# About this task:
From the first line to the last, repeat the data exactly and drop the pictures.

(Web page caption snippets)
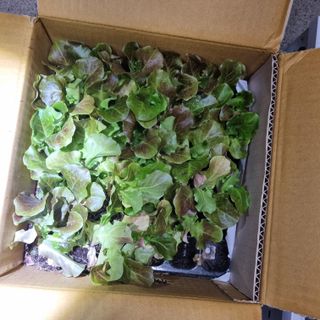 초록하늘별님의 기타작물 · 영농일지 작성글 사진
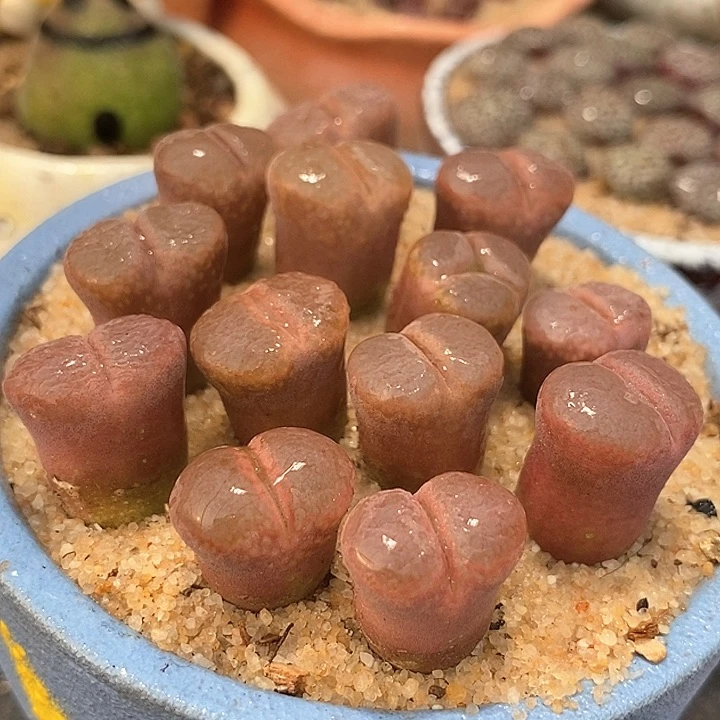 风铃c10一颗                 限购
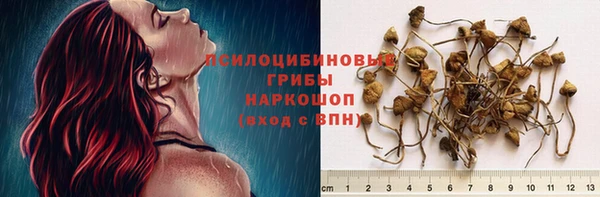 скорость Новокубанск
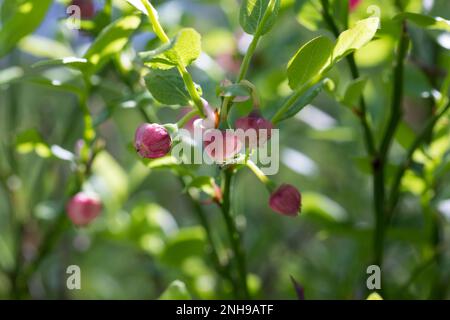 Blaubeere, Blau-Beere, Heidelbeere, Heidel-Beere, Blüten, blühend, Vaccinium myrtillus, mirtillo europeo, mirtillo, Whinberry, Whortleber Foto Stock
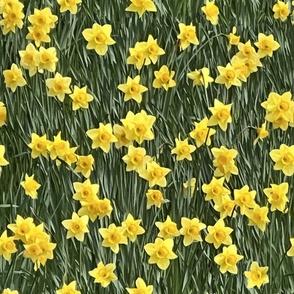 Field of Daffodil: Medium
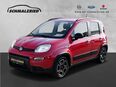 Fiat Panda, 1.0 City Life Mild Hybrid Berganfahrass, Jahr 2021 in 27570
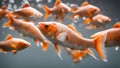 goldfish in aquarium Fish carp with scales. Raw river fish. Fresh goldfish, side view. Royalty Free Stock Photo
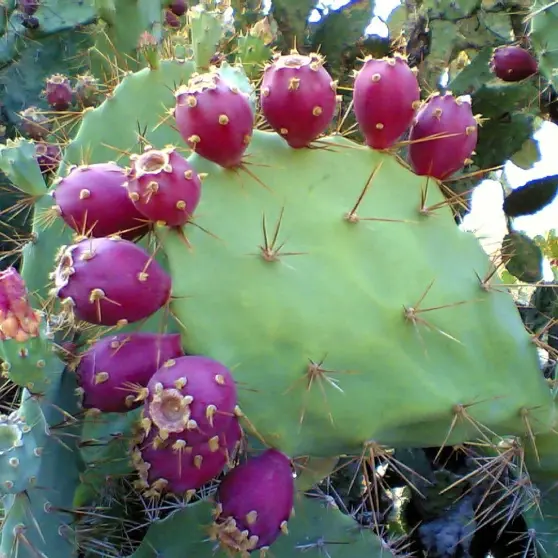 opuntia strica fruit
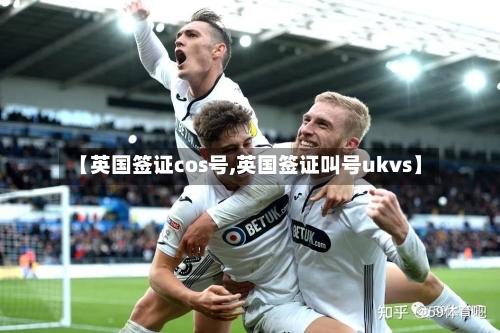 【英国签证cos号,英国签证叫号ukvs】-第3张图片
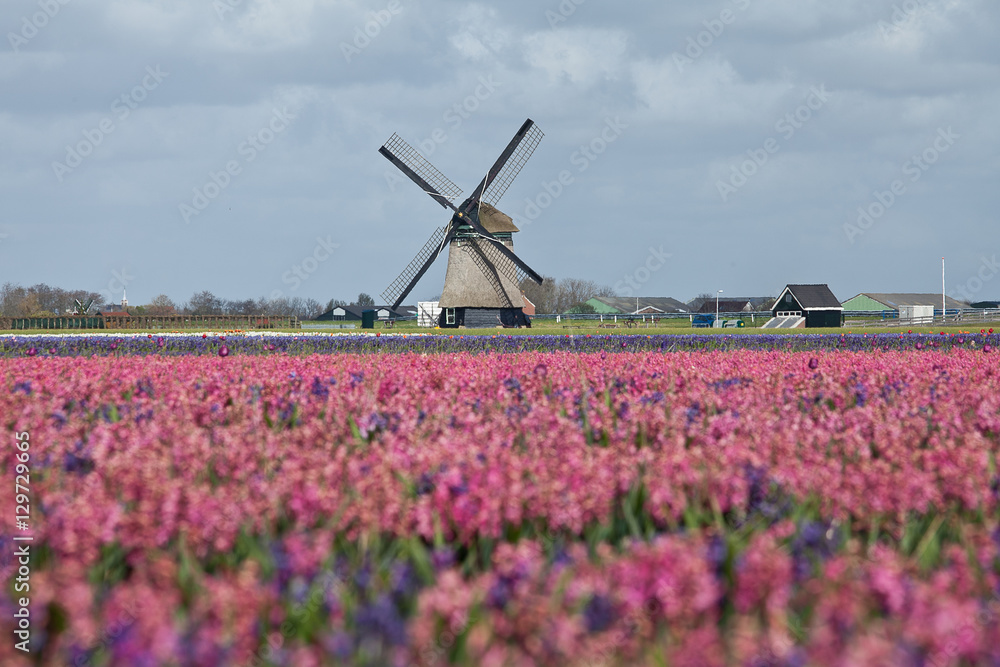 Spring in the Netherlands, pink tulips field with a windmill in the background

# Your solution:
 초록하늘별님의 기타작물 · 영농일지 작성글 사진
 风铃c10一颗                 限购
 скорость Новокубанск
 Blaubeere, Blau-Beere, Heidelbeere, Heidel-Beere, Blüten, blühend, Vaccinium myrtillus, mirtillo europeo, mirtillo, Whinberry, Whortleber Foto Stock
 Field of Daffodil: Medium
 Fiat Panda, 1.0 City Life Mild Hybrid Berganfahrass, Jahr 2021 in 27570
 goldfish in aquarium Fish carp with scales. Raw river fish. Fresh goldfish, side view. Royalty Free Stock Photo
 opuntia strica fruit
 【英国签证cos号,英国签证叫号ukvs】-第3张图片
 Spring in the Netherlands, pink tulips field with a windmill in the background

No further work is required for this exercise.